「レセプショニスト」のこと

(文中の敬称は省略しています)


●97/09/03 一週間ほど前になるけど、朝日新聞の求人欄に興味を引くものを見つけた。この10月にいよいよオープンする新国立劇場の「シアター・アテンダント」の募集である。東京の多くのホールは、ホールのチケットのもぎりや座席の案内、クロークなどの人材は外部に委託しているのはご存じだと思うけど、そのほとんどは「サントリー・パブリシティ・サービス(株)」が「レセプショニスト」として受託・運営している。サントリーホール、カザルスホール、東京芸術劇場はもとより、他のホールでも胸に「S・P・S」というネームプレートをつけているのはこの会社からの派遣だと思って間違いない。今回、募集があった「シアター・アテンダント」は、名前は違うけど新国立劇場のチケットのもぎり、座席の案内などの仕事。このホームページの読者にも興味のある人がいるに違いない。

 その募集要項を見てみると・・・・

■資格 18〜40歳 通勤60分以内、月7〜10回勤務できる方 平日勤務者歓迎
■勤務 新国立劇場 他当社契約ホール
■時間 公演に準ず 通常16:30〜22:00頃 水土日11:30より勤務あり
■待遇 時給800円 交通費支給 制服あり
■応募 9月1日必着 書類選考後通知
■面接・・・・省略
■160 新宿区新宿1−1−12 NNKビル8F サントリー・パブリシティ・サービス(株) 03-5379-3231

 残念ながら、もう締めきりを過ぎているので応募は出来ないけど、この募集要項からホールのレセプショニストの実像がある程度見えてくる。すくなくともこの時給×勤務時間だけで生計を維持するのは不可能だし、勤務時間が16:30からだと、昼間に勤務していては掛け持ちは出来ないだろう。そうなると、やっぱり音楽が好きな主婦などが多いのではないだろうか。もしくは大学生ですね。もちろんレセプショニストのうち何人かは正規の社員がいるのだろうけど、基本的にはこのようなアルバイトによって支えられているのだろうと思う。

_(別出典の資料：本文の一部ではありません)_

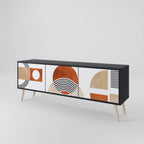 CIRCLE RHYTM Móvel de TV com 3 Portas em Acabamento Preto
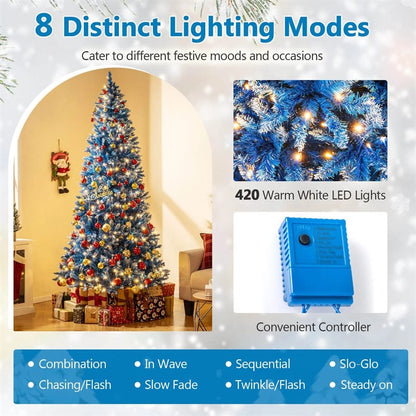6/7/8/9 FT Pre-Lit Christmas Tree, Blue Hinged Xmas Tree with Frosted PVC Tips, Warm White LED Lights - Product image 27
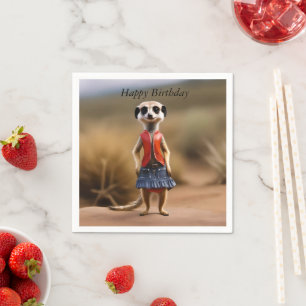 Chique en stijlvol: Meerkat Meisje in rok en jas Servet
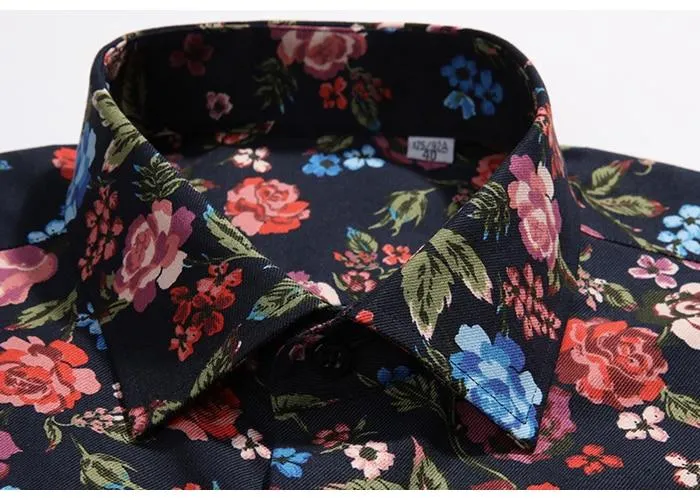 Men's Beach Floral Printed Hawaiian Pocket Less Long Sleeve Shirts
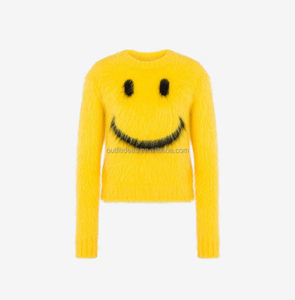 <span class=keywords><strong>Pull</strong></span> maxi en maille douce surdimensionné unisexe pour <span class=keywords><strong>femme</strong></span>, maille <span class=keywords><strong>de</strong></span> luxe originale, neuf avec étiquette, coupe ample, col rond, jaune, sourire - Product Image 2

 一見綺麗なアルバイトに見えるけれど、給与面でもあまり条件が良いとは思えない。音楽に関わる仕事をしたいと思っている人にとっては給与などの条件は二の次なのかもしれないけど、ホールでの接客は即時的な対応が求められるため、判断力やスマートな応対が求められる。新卒よりはある程度社会経験を積んだ人の方が向いていると思うし、実際にレセプショニストをしている人をみると知性的な雰囲気の人が多い。このアルバイトの一番のメリットは、ホール内でオペラに接することが出来るということだろう。仕事中だから音楽や舞台には集中できないし、必ずしも劇場の扉の内側に入れるとは限らないけど、このアルバイトの大きなメリットであることは間違いない。円滑に個人的にはやってみたいアルバイトだとは思わないけれど、私の学生時代にこのようなアルバイトがあったら応募していたかもしれないなぁ。